Bruce Schneier's PRNG is named Yarrow. In honor of the principle of
naming cryptographic PRNG's after plants, and in honor of my favorite
cactus/succulent of the Sonoran desert that Phoenix Arizona (USA)
rests in, I (Eric Lee Green, eric@estinc.com ) hereby name this PRNG
"Ocotillo".

See: http://desertusa.com/nov96/du_ocotillo.html

Mandatory copyright notices: 
 This software is Copyright 1999 Enhanced Software Techologies Inc.
   It is released for public use under a BSD-style Open Source
license. See the file "LICENSE.ocotillo" for the complete license. 

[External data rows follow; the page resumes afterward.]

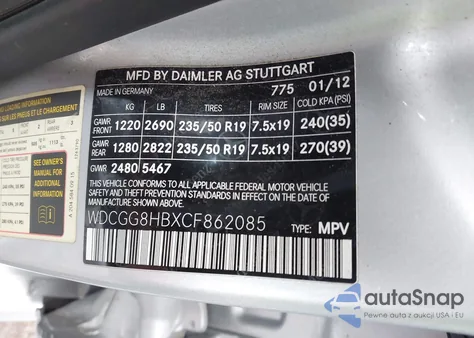 2012 Mercedes-Benz Glk 350 4Matic from USA, damaged, VIN WDCGG8HBXCF862085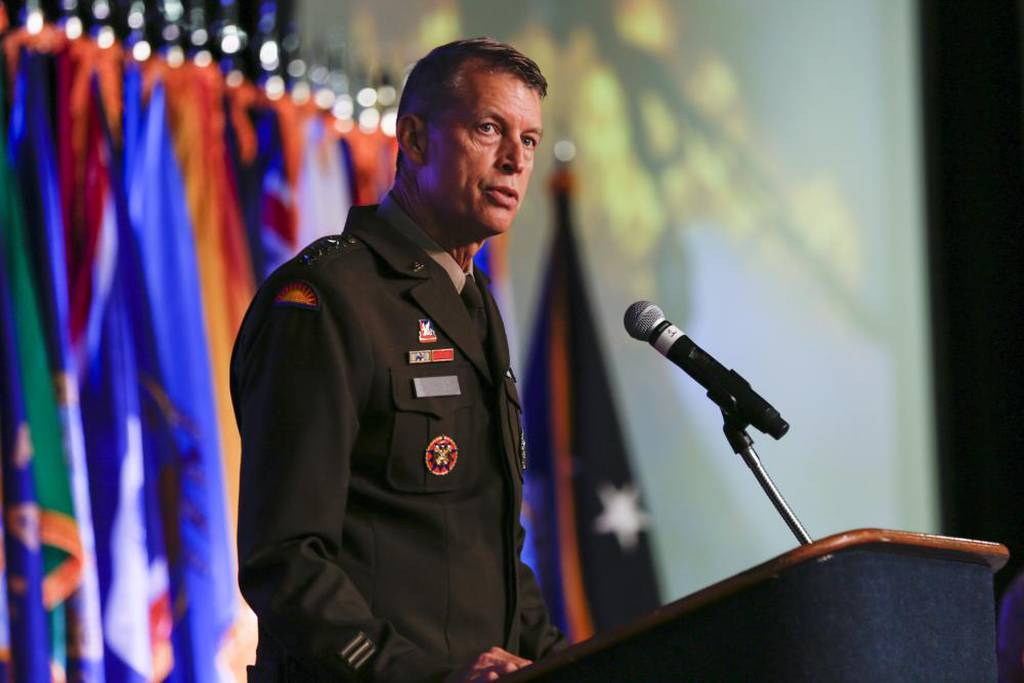Army Gen. Daniel Hokanson, chief, National Guard Bureau, addresses the 51st annual conference of the Enlisted Association of the National Guard of the United States in Little Rock, Arkansas, Aug. 8, 2022. (Sgt. 1st Class Zach Sheely/Army National Guard)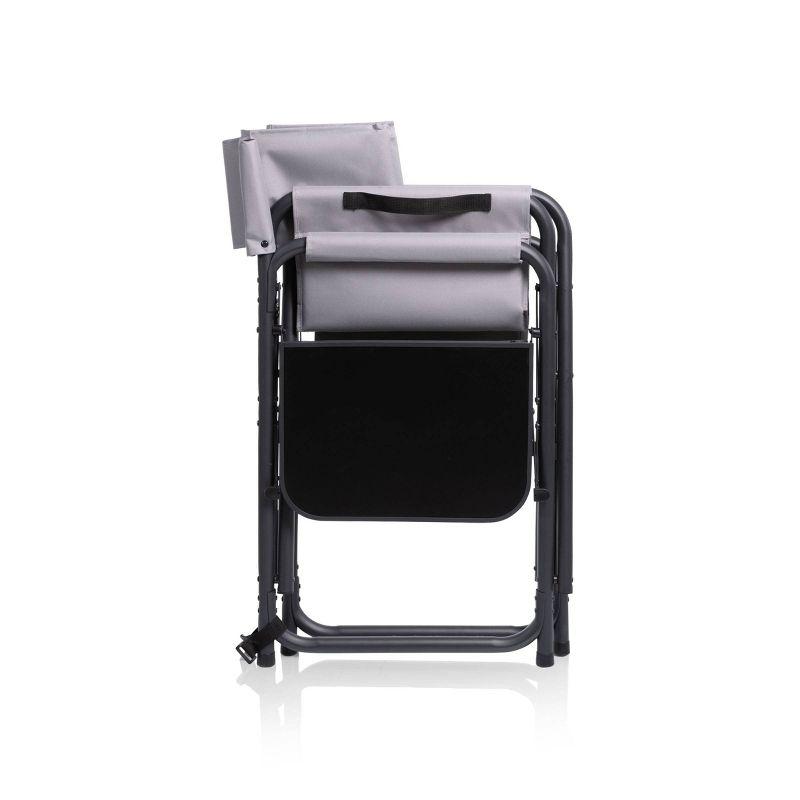 Oniva 2pc Aluminum Rectangle Outdoor Portable Chair with Side Table - Gray with Black Accents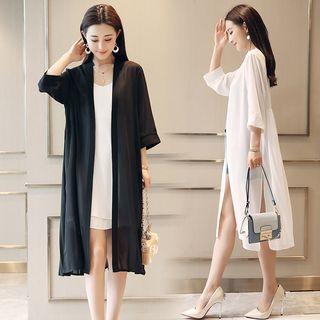 3/4-sleeve Long Chiffon Jacket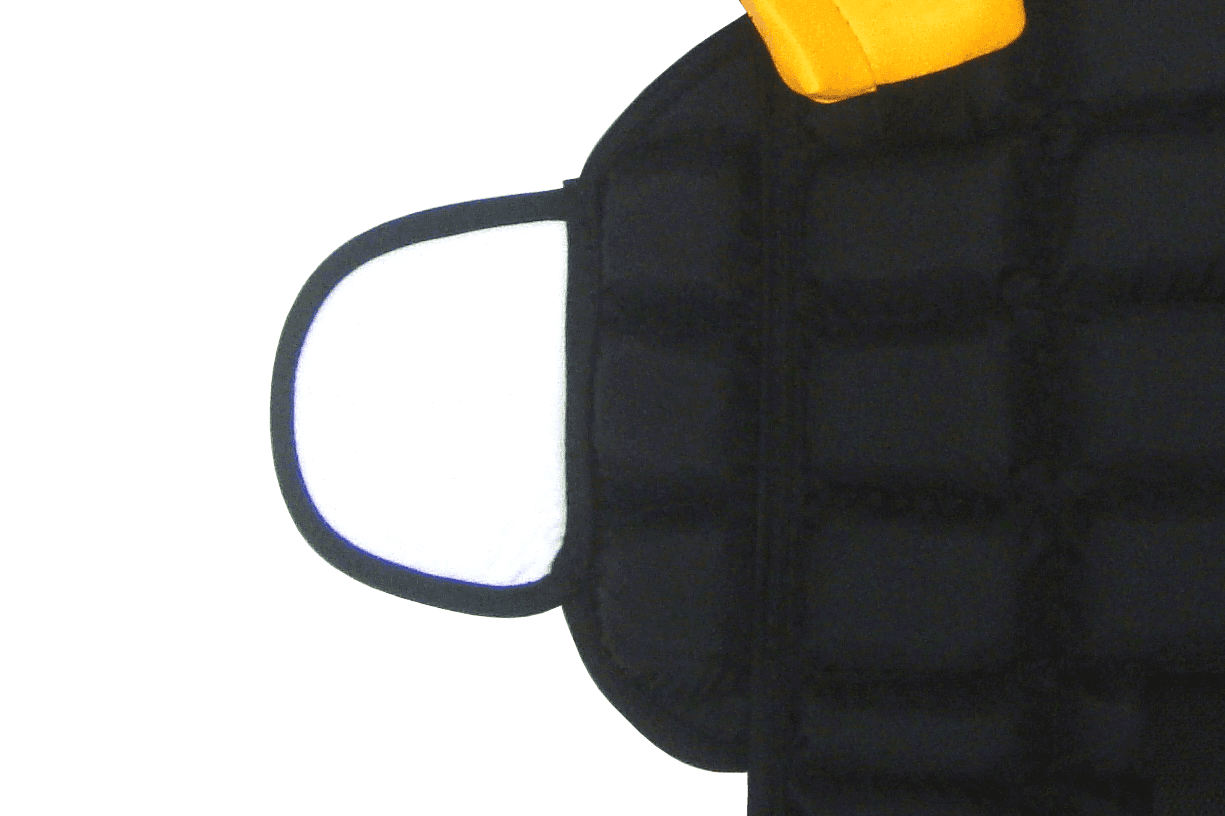 Close up of clip protection from the front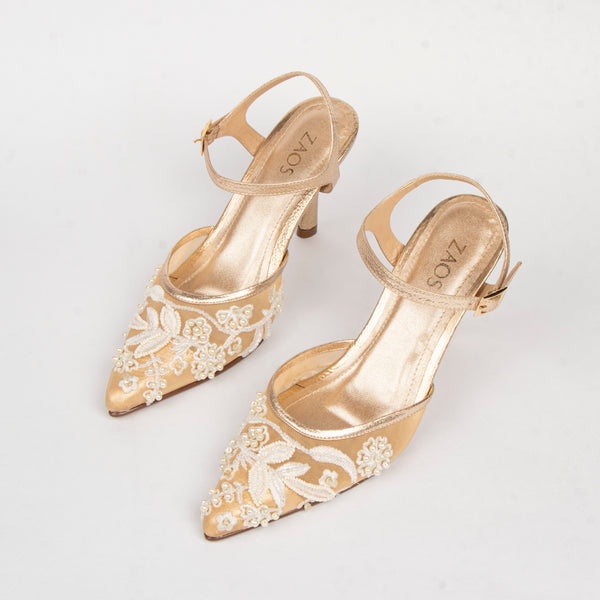 Tacones Amelia Folia Maya * Oro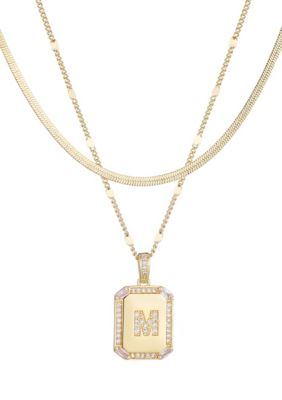 Adornia 14k Gold Plated Pave Tag Pendant and Herringbone Chain Necklace Set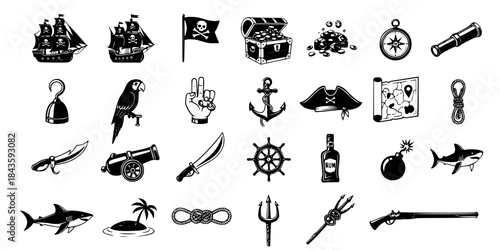 pirate icons on white background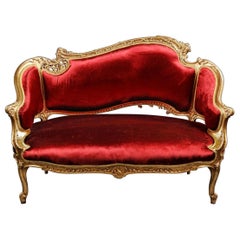 Louis XV Style Sofa with Red Velvet and Gilded Wood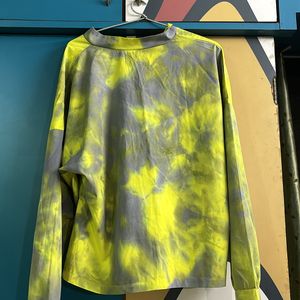 Neon Green And Gray Tie-dye Top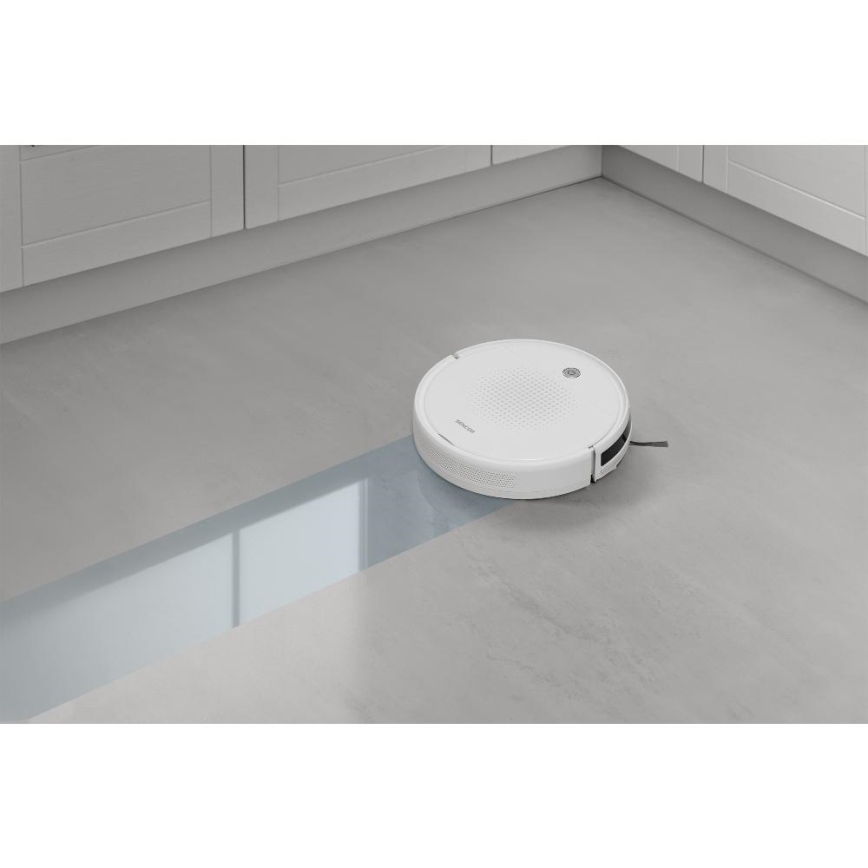 Sencor - Robotic vacuum cleaner with a mop 2in1 18W/1500 mAh white + remote control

##########################################################################
Mandatory attribution clauses:
   This software includes MD5 routines copyrighted by RSA Data Security,
       Inc. and licensed for public use. 
  This software includes Twofish routines copyrighted by Dr. Brian Gladman
     and licensed for public use. 
##########################################################################

*WARNING* If you are on Linux or FreeBSD, this should be merely an
instructional tool, the /dev/random and /dev/urandom available on
those operating systems is far more secure because, by having access
to OS innards, it has much larger sources of true randomness
("entropy").

If you are on Windows, you should use Bruce Schneier's "Yarrow"
(http://www.counterpane.com) for similar reasons.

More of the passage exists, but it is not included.